This PEP proposes to add a way for CPython extension methods to access context such as
the state of the modules they are defined in.
This will allow extension methods to use direct pointer dereferences
rather than PyState_FindModule for looking up module state, reducing or eliminating the
performance cost of using module-scoped state over process global state.
This fixes one of the remaining roadblocks for adoption of PEP 3121 (Extension
module initialization and finalization) and PEP 489
(Multi-phase extension module initialization).
Additionaly, support for easier creation of immutable exception classes is added.

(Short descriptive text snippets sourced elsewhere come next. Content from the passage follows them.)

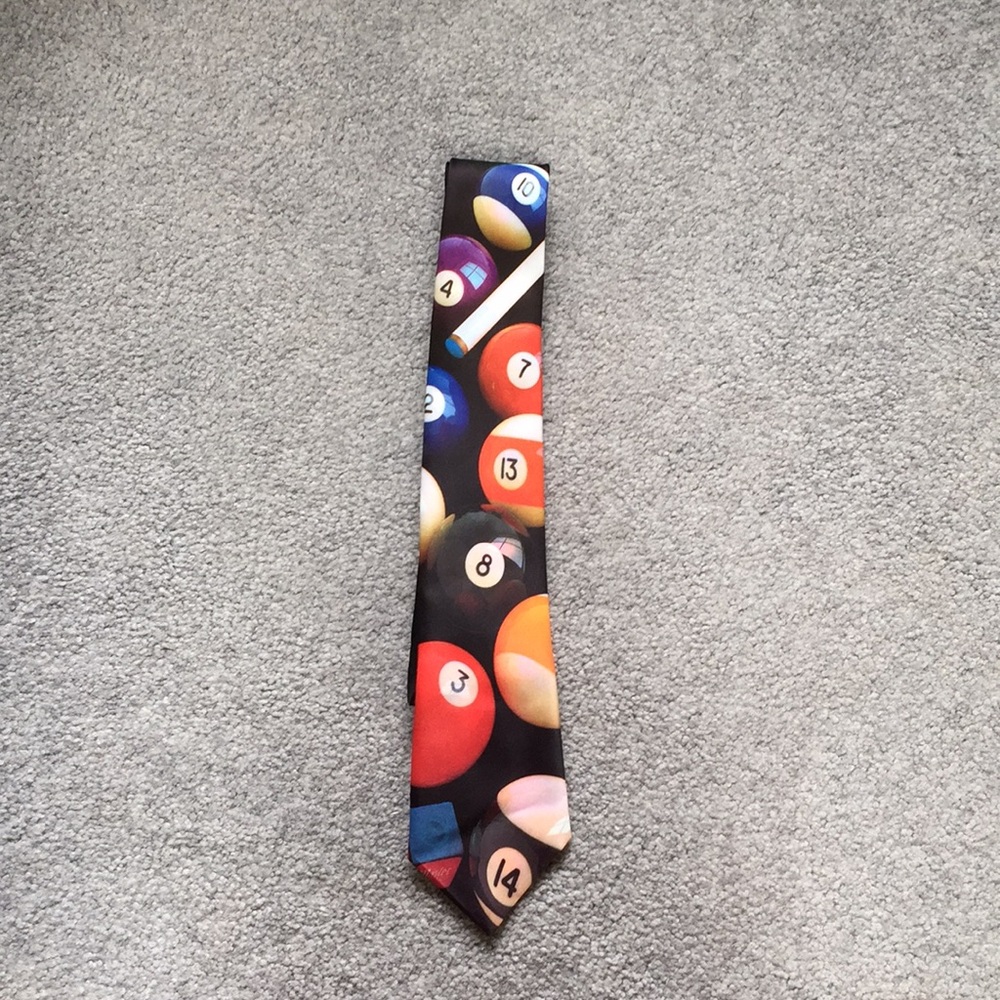 Pool balls tie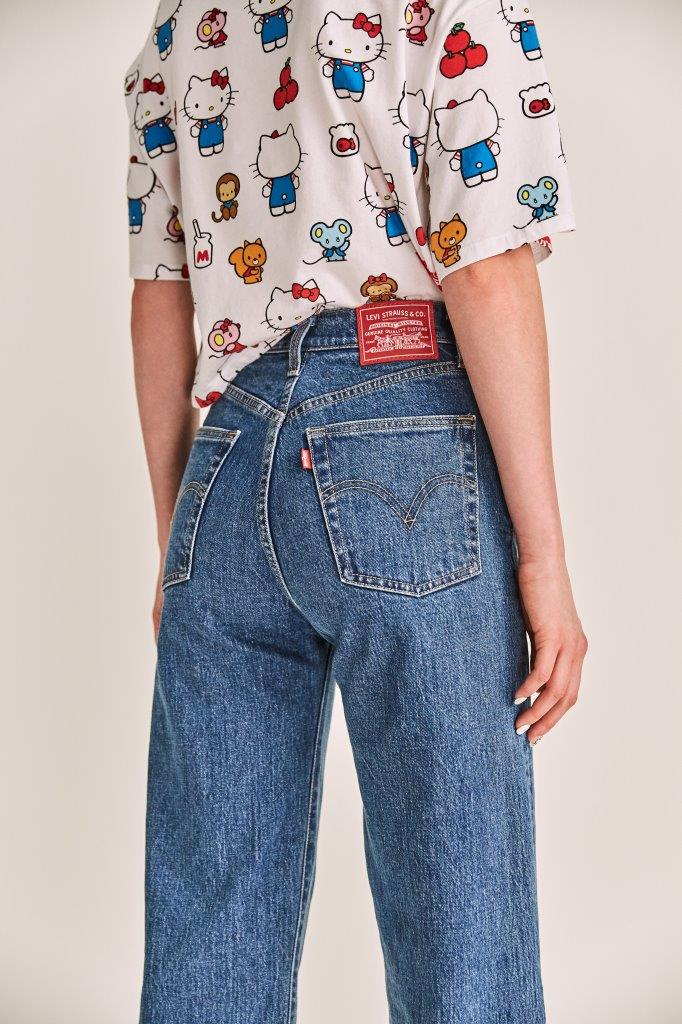 15659337501692_19_H2_HELLO_KITTY_OVERSIZED_TEE_W_05_1305_RGB.jpg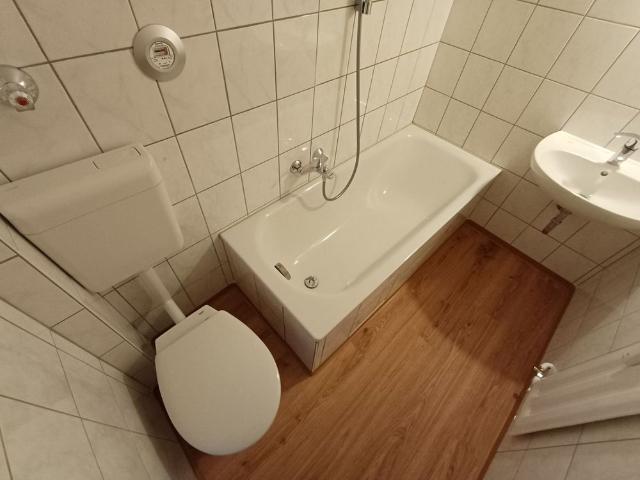 Helle 1 Zimmer Wohnung mit Kellerabteil in München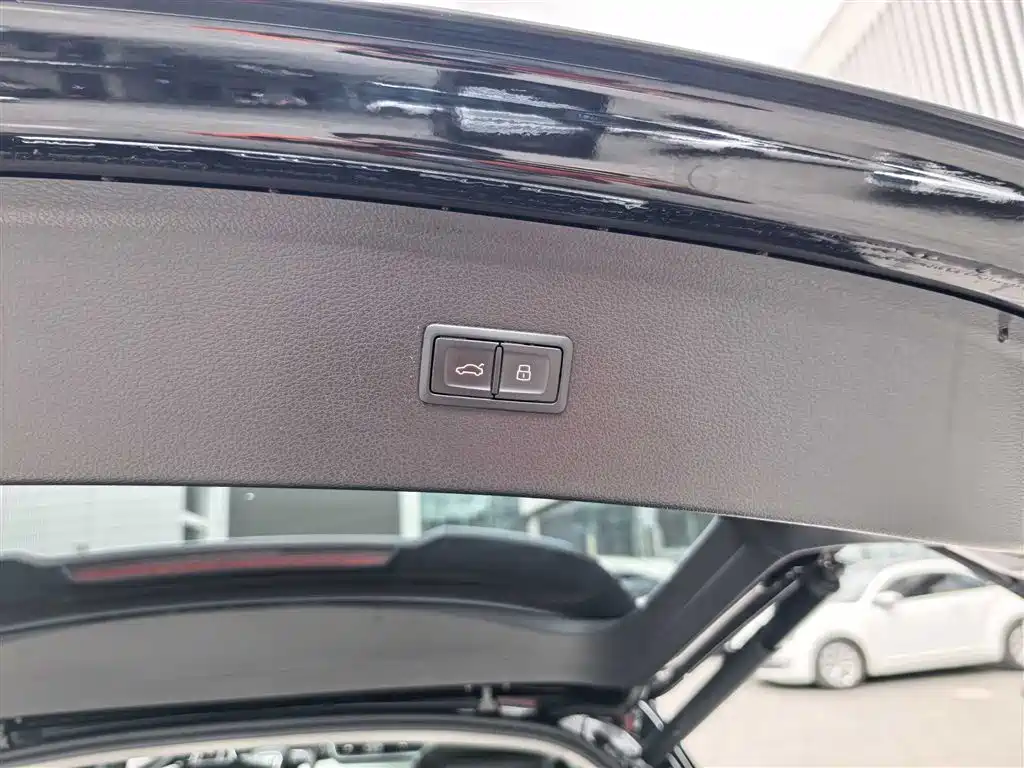 Audi Q5L 2020 — фото 20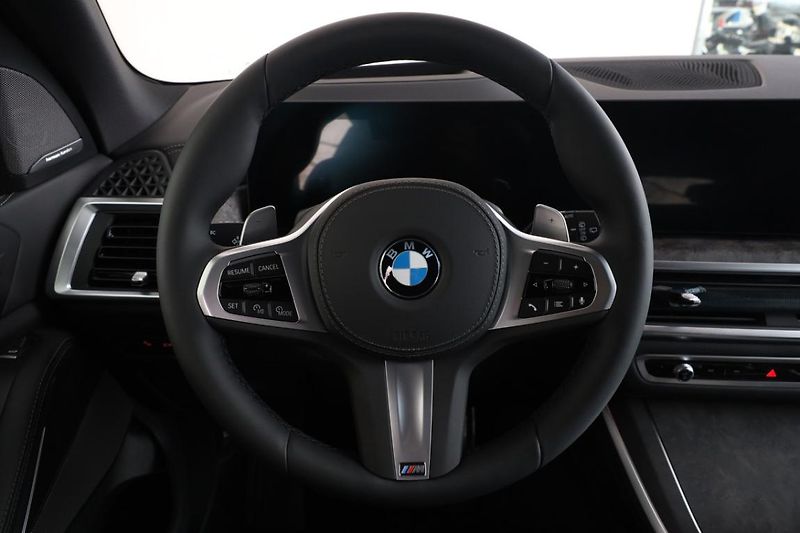 BMW X5 xDrive30d - fotka 10 z 18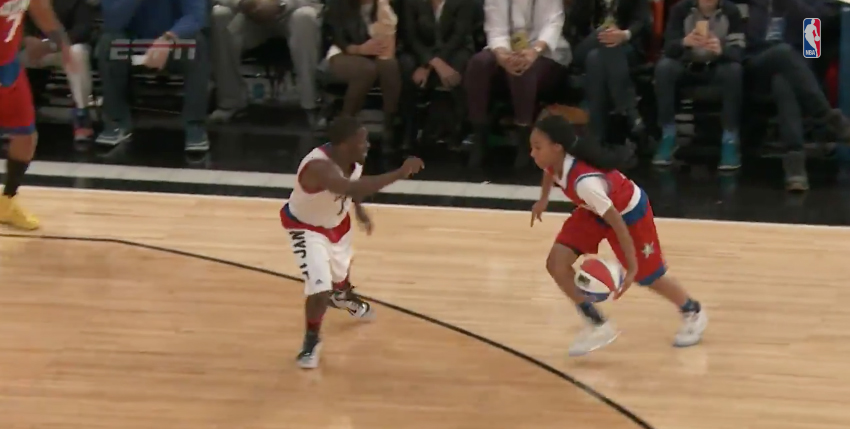Kevin Hart Battles Mo’ne Davis During the Sprint All-Star Celebrity Game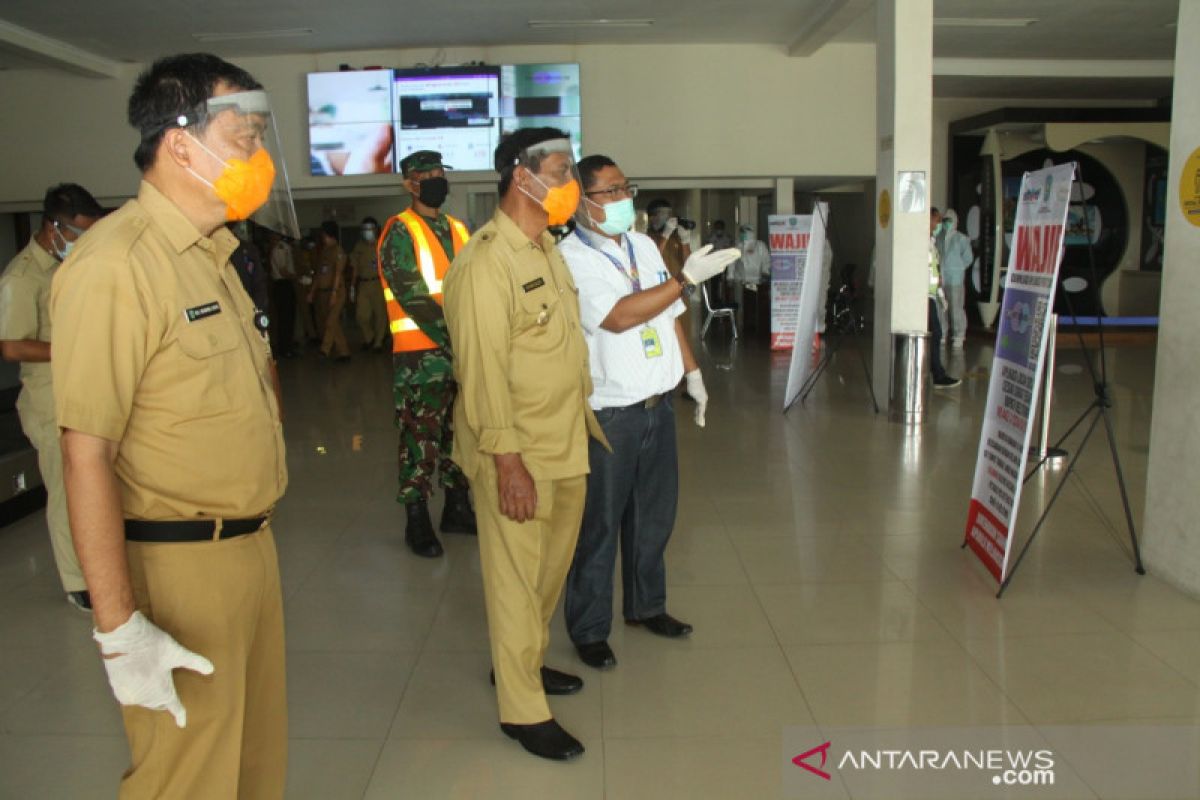 Bupati Belitung tinjau pembukaan penerbangan penumpang di bandara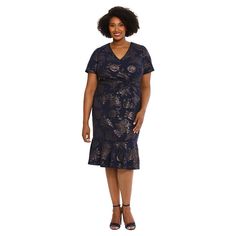 Perfect for day or night, this Plus Size London Times Side Twist Flounce Hem Sheath Dress is a wardrobe must-have.Click on this WOMEN'S GUIDE to find the perfect fit and more! Perfect for day or night, this Plus Size London Times Side Twist Flounce Hem Sheath Dress is a wardrobe must-have. Click on this WOMEN'S GUIDE to find the perfect fit and more! FEATURES Sheath silhouette Knit construction Flounce hem Zipper back Short sleeves Partially lined V-neckFIT & SIZING Fitted straight 44 1/4-in. le Side Twist, Petite Size Chart, Midi Sheath Dress, Womens Size Chart, Blue Rose, Sheath Dress, Plus Size Dresses, Plus Size Outfits, Fashion Dresses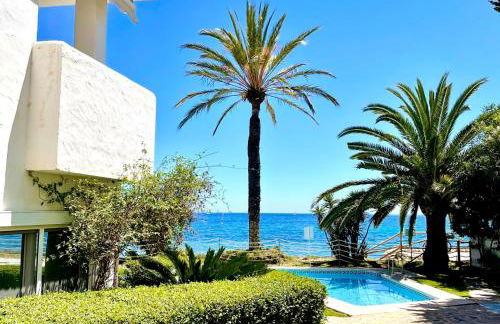 SOLETE - Apartamento con vistas, acceso directo al mar, piscina y parking by Redi - Photo 8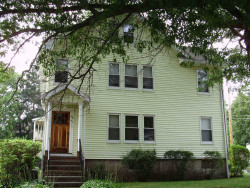 109 Jewett St, Newton, MA 02458-1543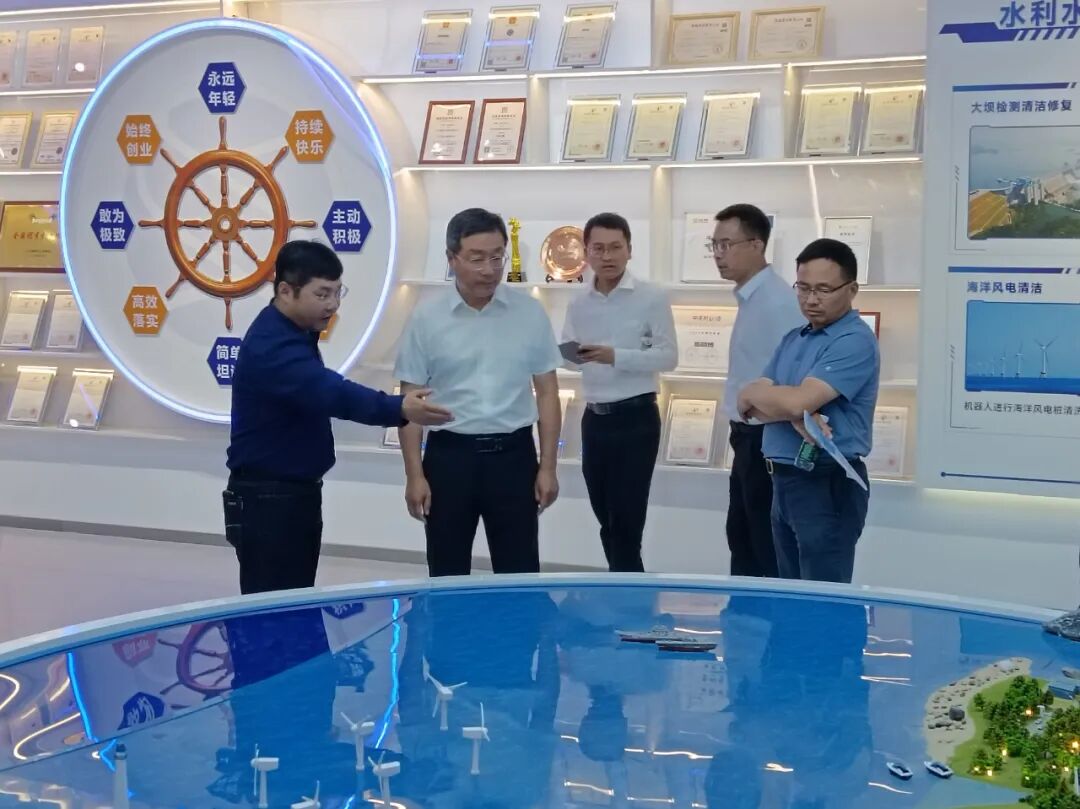 图片1 图片1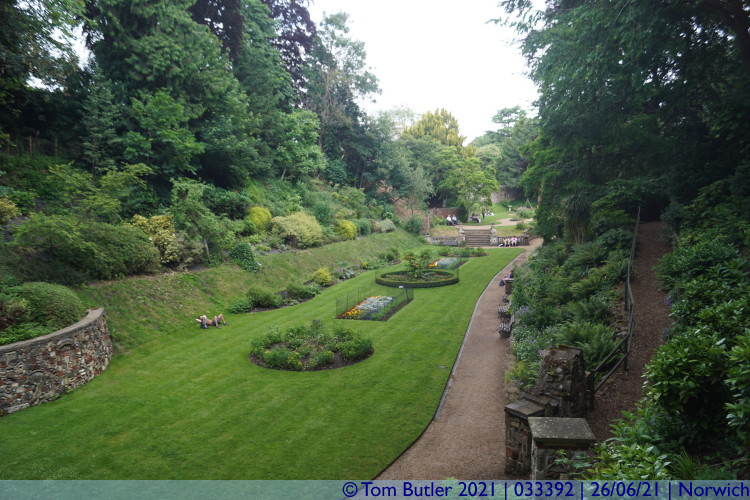 Photo ID: 033392, In the Plantation Garden, Norwich, England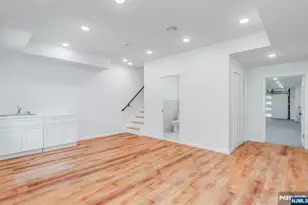 85 Myrtle Ave, Jersey City, NJ 07305 - Photo 19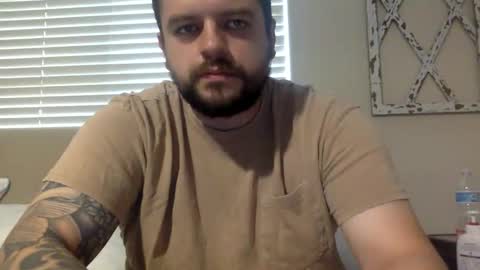 Snapshot of beginnersluck111 chatting on November 2025 03:40:01 PM Beginners Luck online show from November 2025 03:40:01 PM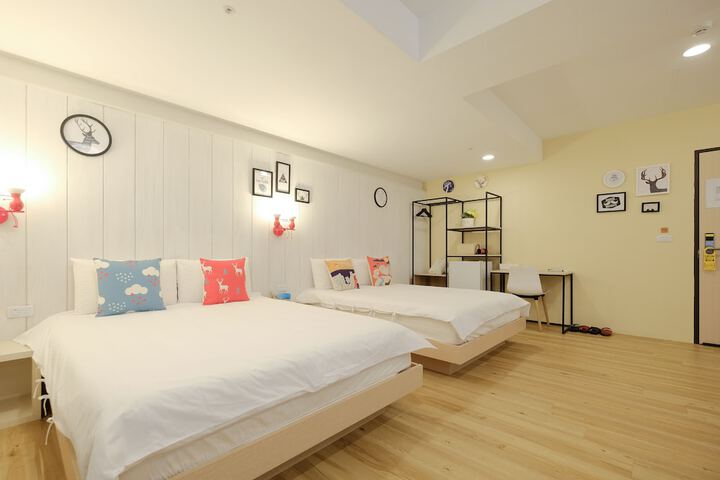 Room 35 of 60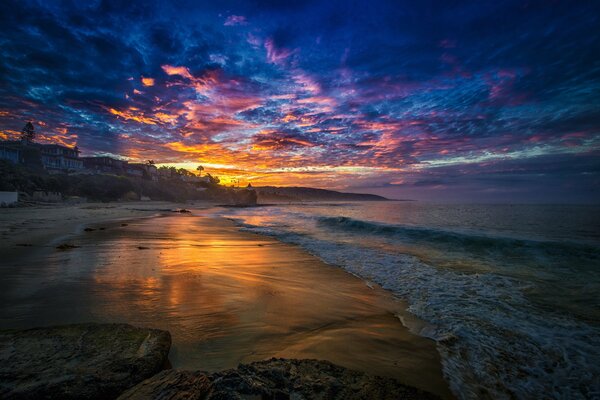 Tramonto luminoso sulla costa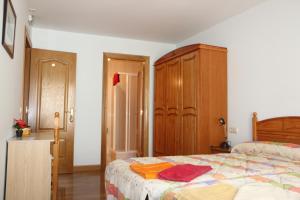 Imagen de la galería de Hostal La Plaza, en Puente la Reina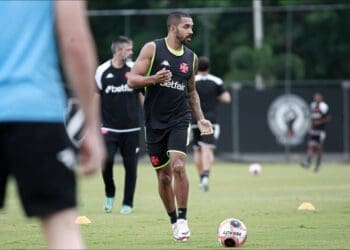 Vasco compartilha novas imagens do treino realizado nesta terça-feira no CT Moacyr Barbosa.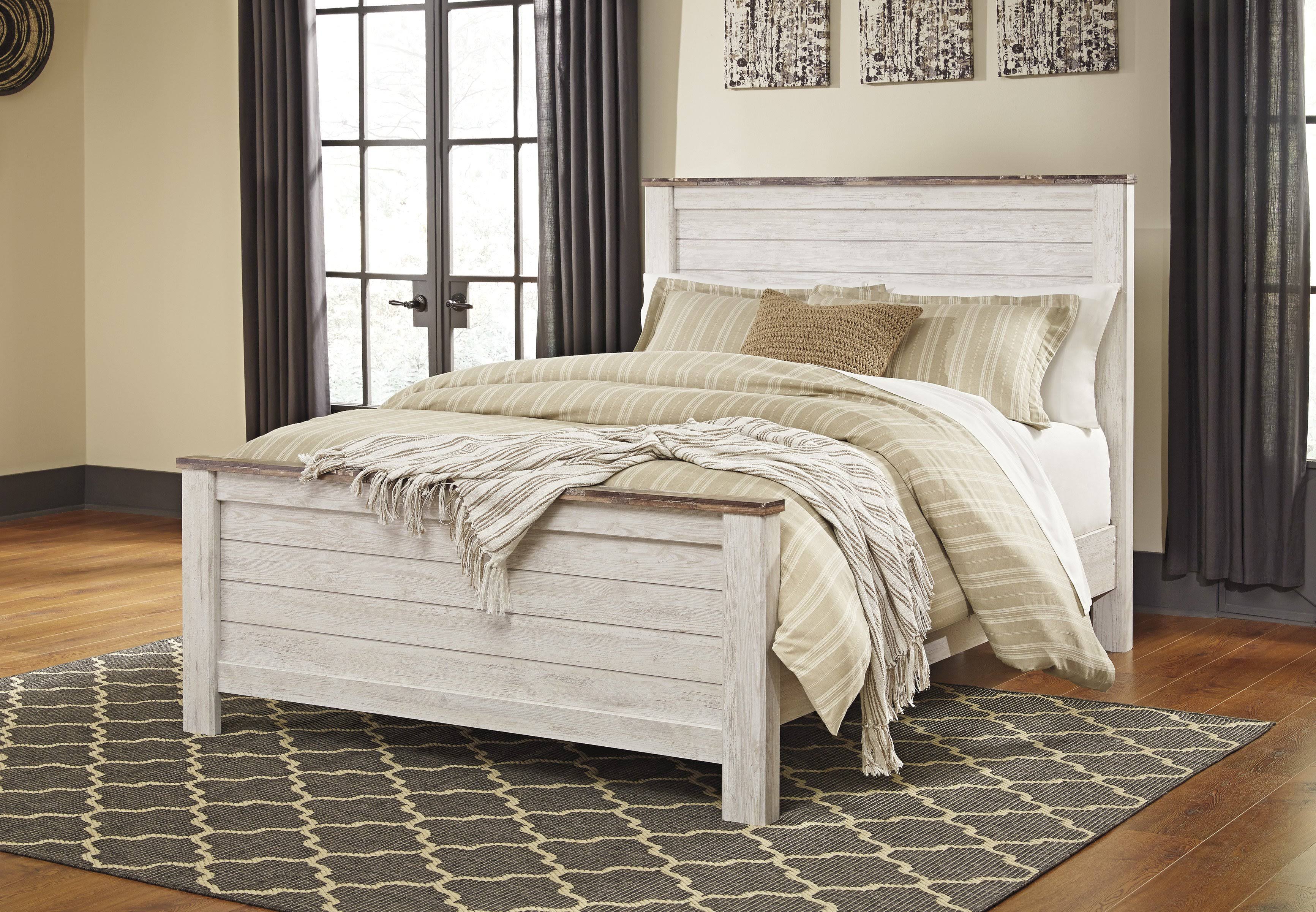 King Panel Bed D752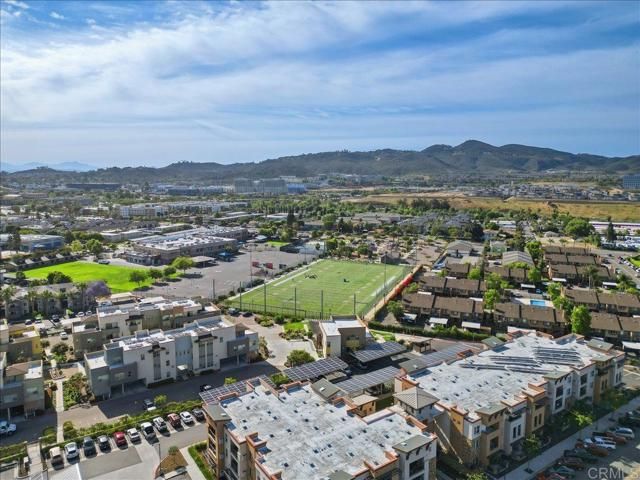 425 Autumn Drive 21, San Marcos, CA 92069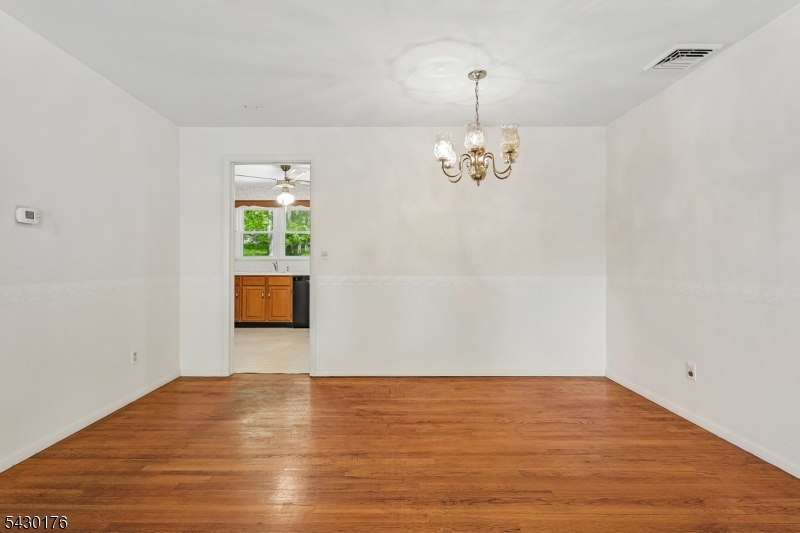 59 Stella Dr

This removes the need for keeping per-module state if it would only be used
for exception classes.
While this PEP takes an additional step towards fully solving the problems that PEP 3121 and PEP 489 started
tackling, it does not attempt to resolve *all* remaining concerns. In particular, accessing the module state from slot methods (``nb_add``, etc) remains slower than accessing that state from other extension methods.
Terminology
===========
Process-Global State
--------------------
C-level static variables. Since this is very low-level
memory storage, it must be managed carefully.
Per-module State
----------------
State local to a module object, allocated dynamically as part of a
module object's initialization. This isolates the state from other
instances of the module (including those in other subinterpreters).
Accessed by ``PyModule_GetState()``.
Static Type
-----------
A type object defined as a C-level static variable, i.e. a compiled-in type object.
A static type needs to be shared between module instances and has no
information of what module it belongs to.
Static types do not have ``__dict__`` (although their instances might).
Heap Type
---------
A type object created at run time.
Rationale
=========
PEP 489 introduced a new way to initialize extension modules, which brings
several advantages to extensions that implement it:
* The extension modules behave more like their Python counterparts.
* The extension modules can easily support loading into pre-existing
module objects, which paves the way for extension module support for
``runpy`` or for systems that enable extension module reloading.
* Loading multiple modules from the same extension is possible, which
makes testing module isolation (a key feature for proper sub-interpreter
support) possible from a single interpreter.
The biggest hurdle for adoption of PEP 489 is allowing access to module state
from methods of extension types.
Currently, the way to access this state from extension methods is by looking up the module via
``PyState_FindModule`` (in contrast to module level functions in extension modules, which
receive a module reference as an argument).
However, ``PyState_FindModule`` queries the thread-local state, making it relatively
costly compared to C level process global access and consequently deterring module authors from using it.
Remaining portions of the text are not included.